This article written by Bruce Kasanoff of Now Possible, LLC. provides a good explanation how fear can prevent us from going after the life we seek. He gives clear mental and physical steps to push fear aside and let that encouraging voice come through. First is to be aware of that inner critic and then provide positive reinforcement to encourage change and small actions toward your dreams. I hope you find the article useful and informative to conquer your fears and start making those changes toward living the life you have always imagined.
We are standing on the edge of a mountain in Utah, and the slope below is frighteningly steep. Under normal conditions, it would too steep for my son and I to ski.
But the night before it snowed 22″, altering our relationship with the laws of physics. We know the powder will slow our speed, so we point straight down and push-off. It’s not scary, it’s magical… we are floating, seemingly flying down the mountain.
You can’t experience this sort of exhilaration at work, or can you?
The thing is, I still remember, long ago, when skiing scared me. I remember countless times when fear caused me to tighten up, to be over-cautious, or to hustle for the safety of the lodge. Skiing reminds me that the path to the high points in life often requires overcoming fear.
Much as I love public speaking, I still get nervous before a big speech. No, nervous isn’t the right word. Scared is. This fear is what motivates me to rewrite the speech five times, and to practice until it’s just right. And, yes, I get the same sense of exhilaration during a speech as when floating down a mountain.
The secret to finding this sort of joy is to create goals so bold they scare you. It’s to dream so big that at first you dare not share your dreams with others, for fear of embarrassing yourself. “You want to be the CEO?” your friend might question, “You’re only three weeks into being a product manager.”

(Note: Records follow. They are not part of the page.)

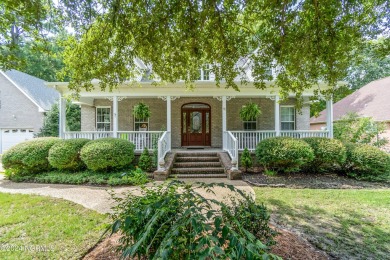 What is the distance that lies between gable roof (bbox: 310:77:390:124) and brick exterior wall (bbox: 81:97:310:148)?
22.2 feet

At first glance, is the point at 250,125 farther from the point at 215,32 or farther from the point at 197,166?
the point at 215,32

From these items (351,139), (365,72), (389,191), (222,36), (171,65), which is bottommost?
(389,191)

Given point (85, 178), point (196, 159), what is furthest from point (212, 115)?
point (85, 178)

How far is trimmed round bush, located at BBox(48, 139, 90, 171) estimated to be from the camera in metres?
8.25

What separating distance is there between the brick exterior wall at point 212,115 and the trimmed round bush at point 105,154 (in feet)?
13.1

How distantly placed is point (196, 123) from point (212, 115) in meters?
1.05

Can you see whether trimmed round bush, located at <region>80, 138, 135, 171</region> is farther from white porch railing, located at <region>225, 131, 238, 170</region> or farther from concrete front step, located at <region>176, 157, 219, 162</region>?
white porch railing, located at <region>225, 131, 238, 170</region>

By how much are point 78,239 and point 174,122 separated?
30.1 feet

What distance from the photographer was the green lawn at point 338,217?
11.5ft

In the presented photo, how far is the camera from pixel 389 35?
14.8 feet

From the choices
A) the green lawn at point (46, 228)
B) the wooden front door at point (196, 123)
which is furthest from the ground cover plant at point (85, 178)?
the wooden front door at point (196, 123)

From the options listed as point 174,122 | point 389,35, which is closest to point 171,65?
point 389,35

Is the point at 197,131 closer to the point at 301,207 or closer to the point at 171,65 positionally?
the point at 171,65

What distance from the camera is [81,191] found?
6.81m
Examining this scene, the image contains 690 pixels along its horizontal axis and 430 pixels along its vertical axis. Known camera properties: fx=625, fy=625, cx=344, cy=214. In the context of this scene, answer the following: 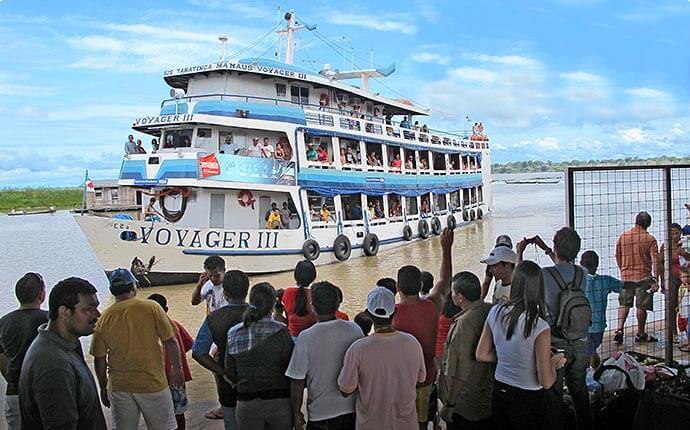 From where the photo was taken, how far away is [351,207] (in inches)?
770

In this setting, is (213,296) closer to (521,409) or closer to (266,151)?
(521,409)

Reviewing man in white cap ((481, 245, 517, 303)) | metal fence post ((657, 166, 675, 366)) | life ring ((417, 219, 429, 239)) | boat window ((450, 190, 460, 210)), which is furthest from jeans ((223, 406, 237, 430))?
boat window ((450, 190, 460, 210))

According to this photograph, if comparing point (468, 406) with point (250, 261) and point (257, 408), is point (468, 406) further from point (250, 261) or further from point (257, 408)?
point (250, 261)

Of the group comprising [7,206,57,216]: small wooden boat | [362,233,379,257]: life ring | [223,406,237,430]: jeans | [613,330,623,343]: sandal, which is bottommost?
[362,233,379,257]: life ring

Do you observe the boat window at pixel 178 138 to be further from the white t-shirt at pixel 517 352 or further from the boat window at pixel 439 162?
the white t-shirt at pixel 517 352

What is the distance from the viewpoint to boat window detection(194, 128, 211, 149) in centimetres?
1579

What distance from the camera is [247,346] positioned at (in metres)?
3.18

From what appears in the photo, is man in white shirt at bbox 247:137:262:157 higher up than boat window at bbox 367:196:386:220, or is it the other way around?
man in white shirt at bbox 247:137:262:157

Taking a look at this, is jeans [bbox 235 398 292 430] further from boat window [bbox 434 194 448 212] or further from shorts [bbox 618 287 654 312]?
boat window [bbox 434 194 448 212]

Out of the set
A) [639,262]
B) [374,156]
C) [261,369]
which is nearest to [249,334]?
[261,369]

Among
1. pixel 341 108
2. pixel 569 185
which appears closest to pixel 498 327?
pixel 569 185

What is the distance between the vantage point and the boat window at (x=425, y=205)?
24112 millimetres

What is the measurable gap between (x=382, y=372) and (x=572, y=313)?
124 cm

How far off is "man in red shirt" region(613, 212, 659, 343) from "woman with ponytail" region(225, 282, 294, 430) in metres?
3.85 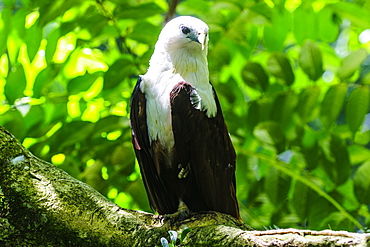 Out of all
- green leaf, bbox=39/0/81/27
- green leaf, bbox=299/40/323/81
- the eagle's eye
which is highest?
the eagle's eye

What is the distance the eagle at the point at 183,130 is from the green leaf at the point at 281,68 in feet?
3.78

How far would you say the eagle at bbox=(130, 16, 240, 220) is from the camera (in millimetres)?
3973

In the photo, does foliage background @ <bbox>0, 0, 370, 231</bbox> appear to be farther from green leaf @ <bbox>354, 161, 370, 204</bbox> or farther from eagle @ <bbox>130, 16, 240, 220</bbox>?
eagle @ <bbox>130, 16, 240, 220</bbox>

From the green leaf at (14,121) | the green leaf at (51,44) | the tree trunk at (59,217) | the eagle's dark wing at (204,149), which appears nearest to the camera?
the tree trunk at (59,217)

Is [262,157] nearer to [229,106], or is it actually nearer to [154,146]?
[229,106]

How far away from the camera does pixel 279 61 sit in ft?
16.9

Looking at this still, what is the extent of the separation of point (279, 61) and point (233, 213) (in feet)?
5.78

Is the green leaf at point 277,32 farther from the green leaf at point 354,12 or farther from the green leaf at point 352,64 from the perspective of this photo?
the green leaf at point 352,64

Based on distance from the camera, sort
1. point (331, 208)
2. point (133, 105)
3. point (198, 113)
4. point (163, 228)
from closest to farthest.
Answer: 1. point (163, 228)
2. point (198, 113)
3. point (133, 105)
4. point (331, 208)

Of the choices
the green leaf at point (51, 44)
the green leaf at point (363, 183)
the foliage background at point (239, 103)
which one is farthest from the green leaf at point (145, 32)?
the green leaf at point (363, 183)

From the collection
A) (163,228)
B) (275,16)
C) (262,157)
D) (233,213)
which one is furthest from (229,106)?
(163,228)

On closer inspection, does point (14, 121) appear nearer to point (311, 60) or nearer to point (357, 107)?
point (311, 60)

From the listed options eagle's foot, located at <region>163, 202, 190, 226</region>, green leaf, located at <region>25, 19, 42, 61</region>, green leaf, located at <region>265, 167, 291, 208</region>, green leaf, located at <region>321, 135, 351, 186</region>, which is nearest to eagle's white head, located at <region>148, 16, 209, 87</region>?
eagle's foot, located at <region>163, 202, 190, 226</region>

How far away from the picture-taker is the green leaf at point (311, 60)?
503 cm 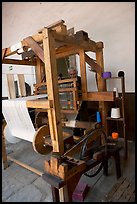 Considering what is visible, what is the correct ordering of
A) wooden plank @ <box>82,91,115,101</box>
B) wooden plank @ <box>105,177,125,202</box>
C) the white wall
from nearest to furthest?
wooden plank @ <box>105,177,125,202</box>
wooden plank @ <box>82,91,115,101</box>
the white wall

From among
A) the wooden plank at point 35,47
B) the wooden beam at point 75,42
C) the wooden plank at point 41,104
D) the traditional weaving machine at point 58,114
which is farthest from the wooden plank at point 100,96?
the wooden plank at point 35,47

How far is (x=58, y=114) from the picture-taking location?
57.3 inches

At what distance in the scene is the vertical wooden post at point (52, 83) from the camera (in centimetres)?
140

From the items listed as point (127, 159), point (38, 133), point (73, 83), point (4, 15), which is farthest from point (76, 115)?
point (4, 15)

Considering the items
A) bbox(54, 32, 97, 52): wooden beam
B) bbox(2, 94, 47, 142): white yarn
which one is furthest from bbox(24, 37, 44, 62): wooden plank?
bbox(2, 94, 47, 142): white yarn

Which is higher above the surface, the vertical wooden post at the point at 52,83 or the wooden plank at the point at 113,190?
the vertical wooden post at the point at 52,83

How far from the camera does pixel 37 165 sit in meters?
2.24

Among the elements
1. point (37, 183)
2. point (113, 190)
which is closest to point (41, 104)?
point (37, 183)

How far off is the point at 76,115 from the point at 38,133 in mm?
721

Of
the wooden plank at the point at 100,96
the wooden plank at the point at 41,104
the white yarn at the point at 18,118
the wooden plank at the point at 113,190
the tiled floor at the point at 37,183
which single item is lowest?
the tiled floor at the point at 37,183

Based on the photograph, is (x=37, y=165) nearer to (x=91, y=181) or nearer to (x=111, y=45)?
(x=91, y=181)

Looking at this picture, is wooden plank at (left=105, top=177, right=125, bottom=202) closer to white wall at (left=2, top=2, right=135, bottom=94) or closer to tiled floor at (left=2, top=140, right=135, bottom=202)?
tiled floor at (left=2, top=140, right=135, bottom=202)

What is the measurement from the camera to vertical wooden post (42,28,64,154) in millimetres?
1401

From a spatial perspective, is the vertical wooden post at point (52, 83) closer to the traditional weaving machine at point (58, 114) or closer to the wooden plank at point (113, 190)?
the traditional weaving machine at point (58, 114)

But as you pursue your dreams, and face down your fears, something magical happens. Your dreams start to become realistic. You can say them out loud, and others don’t laugh.
As you develop the habit of dreaming big and chipping away at fear, you expand what’s possible in your life. You start to understand the difference between impossible and difficult.
When I stand on a mountain at 10,000 feet, my brain often sends me two messages. The first is: stop, it’s too steep! The second is: nonsense, you can ski this safely. The first message never completely goes away, I just move it to the back of my mind.
This is what we have to do to turn work into joy… at the right times, we have to stand on a mountain so high it scares us, and then we have to move fear out-of-the-way.
If you’re bored by work, or frustrated in your career, perhaps you need to take on a bigger mountain. Often times, boredom is your brain screaming an important message: you are capable of greater things, aim higher.